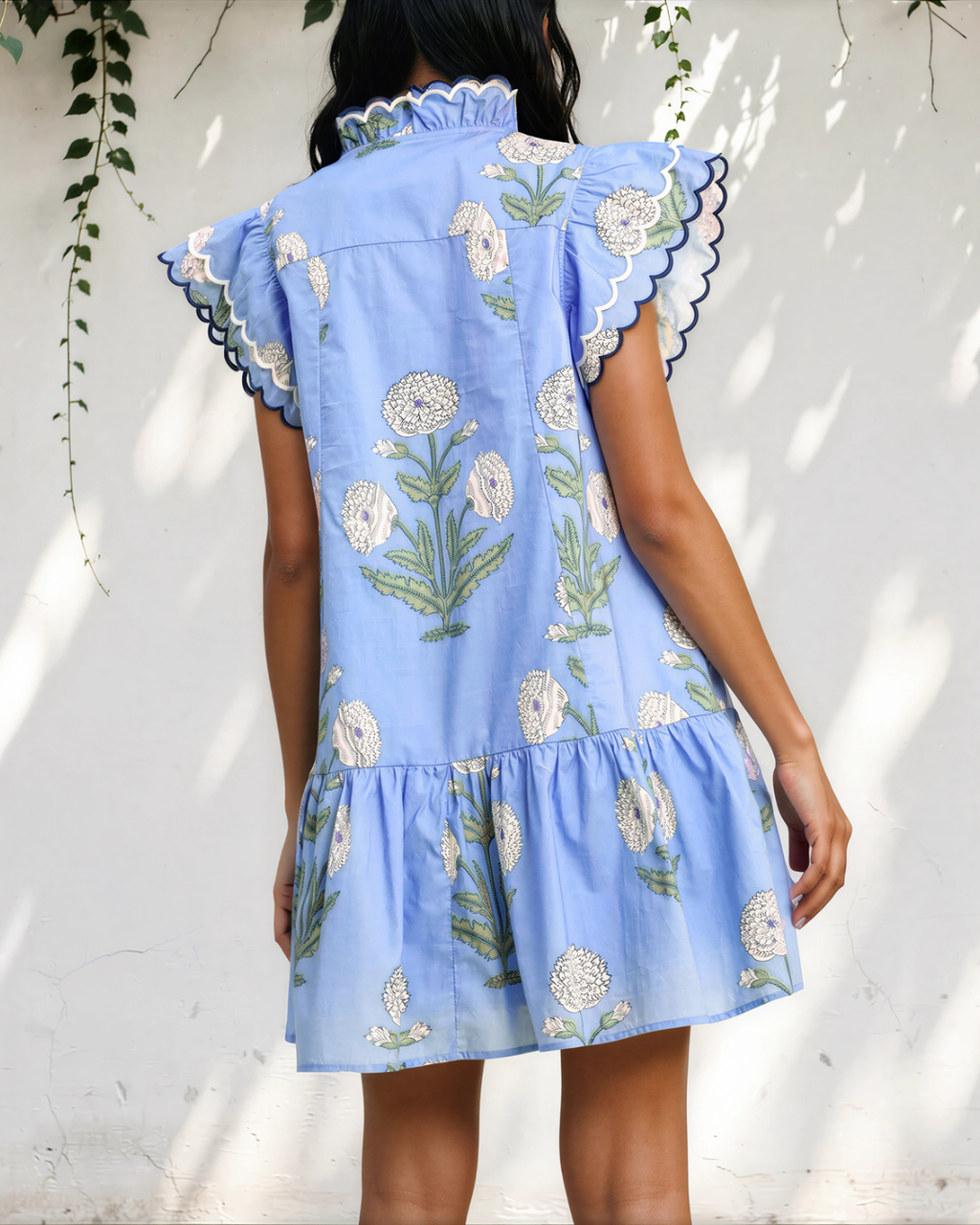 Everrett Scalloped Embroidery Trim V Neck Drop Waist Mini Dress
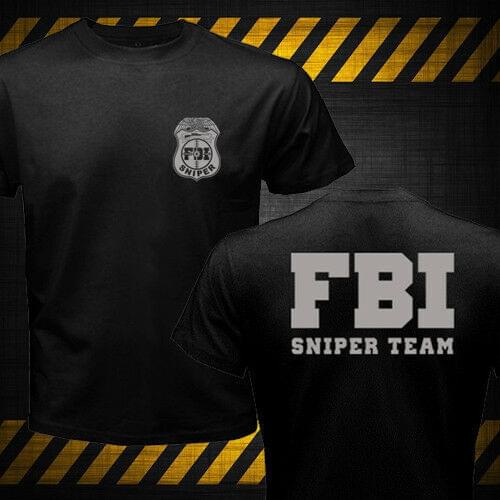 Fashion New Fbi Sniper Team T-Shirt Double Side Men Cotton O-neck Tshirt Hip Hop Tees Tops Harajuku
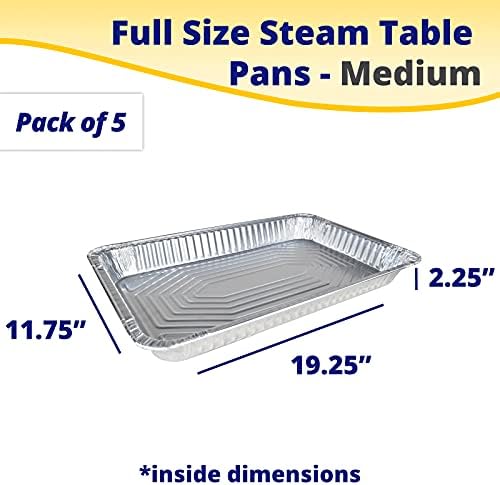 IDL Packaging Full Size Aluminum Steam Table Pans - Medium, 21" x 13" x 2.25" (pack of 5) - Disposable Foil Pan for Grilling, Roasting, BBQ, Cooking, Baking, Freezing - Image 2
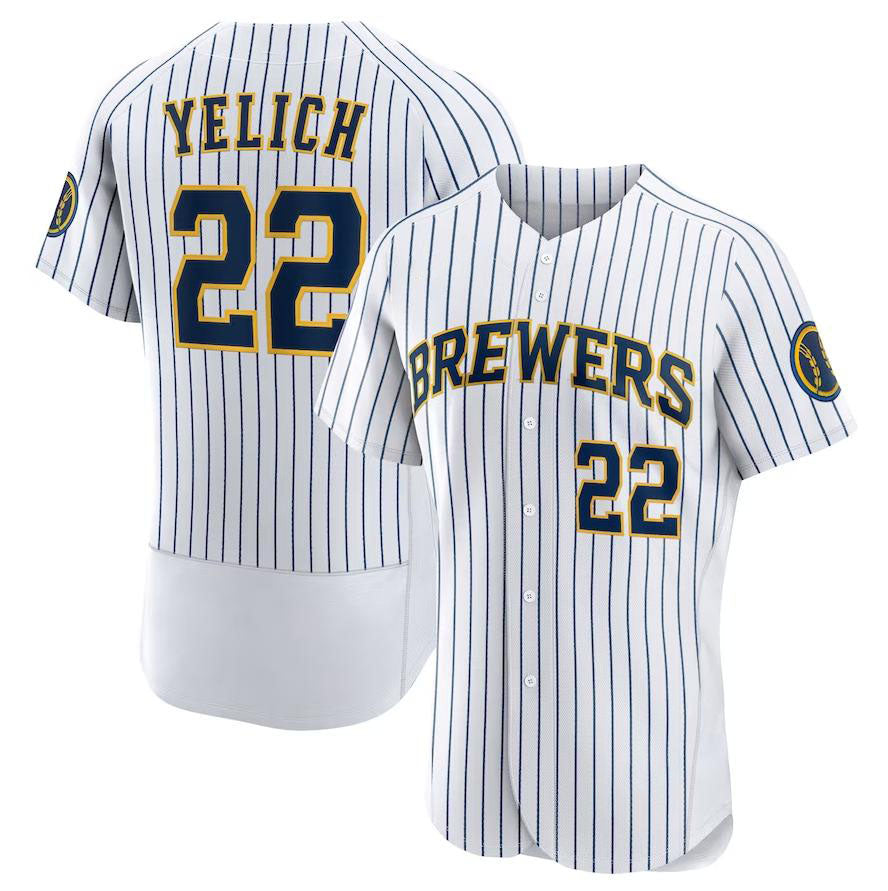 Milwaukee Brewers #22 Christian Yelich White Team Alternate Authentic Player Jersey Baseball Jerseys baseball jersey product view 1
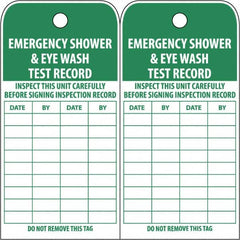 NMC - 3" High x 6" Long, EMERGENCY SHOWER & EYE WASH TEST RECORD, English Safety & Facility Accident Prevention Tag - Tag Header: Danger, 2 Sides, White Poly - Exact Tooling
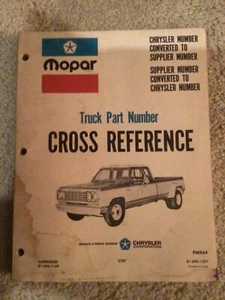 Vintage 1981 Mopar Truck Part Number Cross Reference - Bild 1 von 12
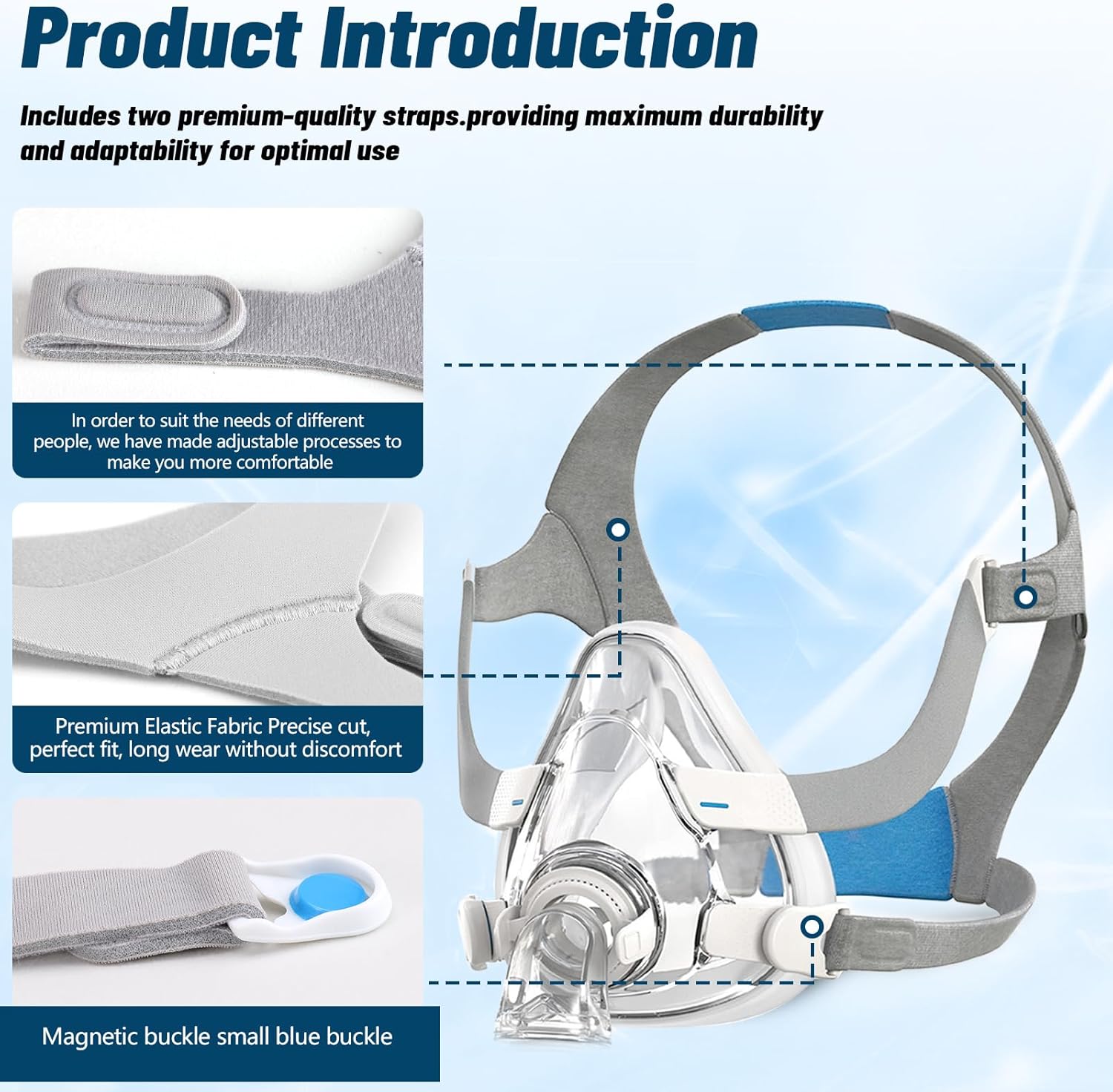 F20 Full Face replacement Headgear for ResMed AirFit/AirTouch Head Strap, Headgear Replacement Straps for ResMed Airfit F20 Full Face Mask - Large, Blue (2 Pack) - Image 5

How to complete this task: Starting at the line above that holds "Fashion New Fbi", return each line up to and including the one that holds "Milwaukee Brewers #22", exactly as written, minus any pictures.

Task solution:
 Fashion New Fbi Sniper Team T-Shirt Double Side Men Cotton O-neck Tshirt Hip Hop Tees Tops Harajuku
 IDL Packaging Full Size Aluminum Steam Table Pans - Medium, 21" x 13" x 2.25" (pack of 5) - Disposable Foil Pan for Grilling, Roasting, BBQ, Cooking, Baking, Freezing - Image 2
 Milwaukee Brewers #22 Christian Yelich White Team Alternate Authentic Player Jersey Baseball Jerseys baseball jersey product view 1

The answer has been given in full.